I've tried this query:
match (p:Person)-[:KNOWS]->(c:Competency) where c.id in ['java','haskell'] return p.id;
But I get back a list of all Person that knows either "java" or "haskell" and duplicated entries for those who knows both.
Adding a count(c) at the end of the query eliminates the duplicates:
match (p:Person)-[:KNOWS]->(c:Competency) where c.id in ['java','haskell'] return p.id, count(c);
Then, in this particular case, I can iterate the result and filter out results that the count is less than two to get the nodes I want.
I've found out that I could do it appending consecutive match clauses to keep filtering the nodes to get the result I want, in this case:
match (p:Person)-[:KNOWS]->(:Competency {id:'haskell'})
match (p)-[:KNOWS]->(:Competency {id:'java'})
return p.id;
Is this the only way to express this query? I mean, I need to create a query by concatenating strings? I'm looking for a solution to a fixed query with parameters.

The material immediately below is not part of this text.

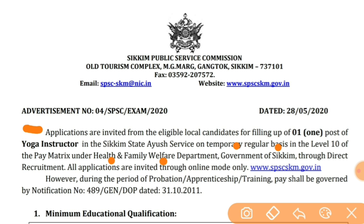Selection is through direct recruitment — yani ki iska test hoga, written test hoga, aur interview bhi hoga. All applications are invited through online mode — online aapko apply karna is website pe. However, during the period of probation or apprenticeship training, pay shall be as per notification.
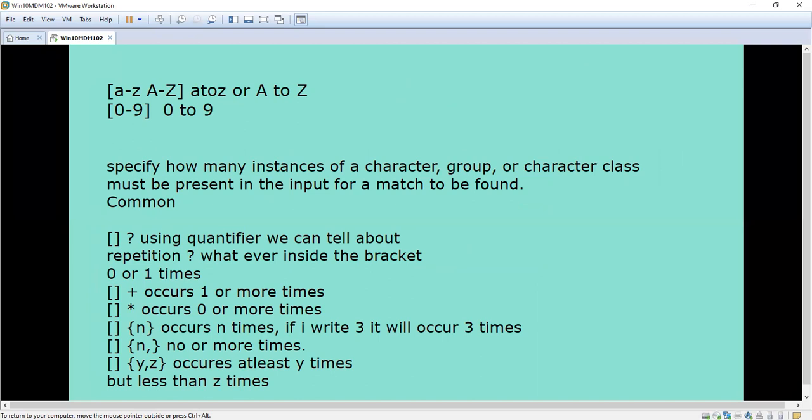What are quantifiers? Quantifiers tell about the repetition — either we can use for one or more times. Within the square bracket we are going to use abc or zero to nine, either numbers or alphabets. Apart from that we are going to specify the question mark, plus symbol, or asterisk — those symbols are quantifiers which specify about the repetition.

with ['java','haskell'] as skills
match (p:Person)-[:KNOWS]->(c:Competency)
where c.id in skills
with p.id, count(*) as c1 ,size(skills) as c2
where c1 = c2
return p.id
One thing you can do, is to count the number of all skills, then find the users that have the number of skill relationships equals to the skills count :
MATCH (n:Skill) WITH count(n) as skillMax
MATCH (u:Person)-[:HAS]->(s:Skill)
WITH u, count(s) as skillsCount, skillMax
WHERE skillsCount = skillMax
RETURN u, skillsCount
Chris
Untested, but this might do the trick:
match (p:Person)-[:KNOWS]->(c:Competency)
with p, collect(c.id) as cs
where all(x in ['java', 'haskell'] where x in cs)
return p.id;
How about this...
WITH ['java','haskell'] AS comp_col
MATCH (p:Person)-[:KNOWS]->(c:Competency)
WHERE c.name in comp_col
WITH comp_col
, p
, count(*) AS total
WHERE total = length(comp_col)
RETURN p.name, total
Put the competencies you want in a collection.
Match all the people that have either of those competencies
Get the count of compentencies by person where they have the same number as in the competency collection from the start
I think this will work for what you need, but if you are building these queries programatically the best performance you get might be with successive match clauses. Especially if you knew which competencies were most/least common when building your queries, you could order the matches such that the least common were first and the most common were last. I think that would chunk down to your desired persons the fastest.
It would be interesting to see what the plan analyzer in the sheel says about the different approaches.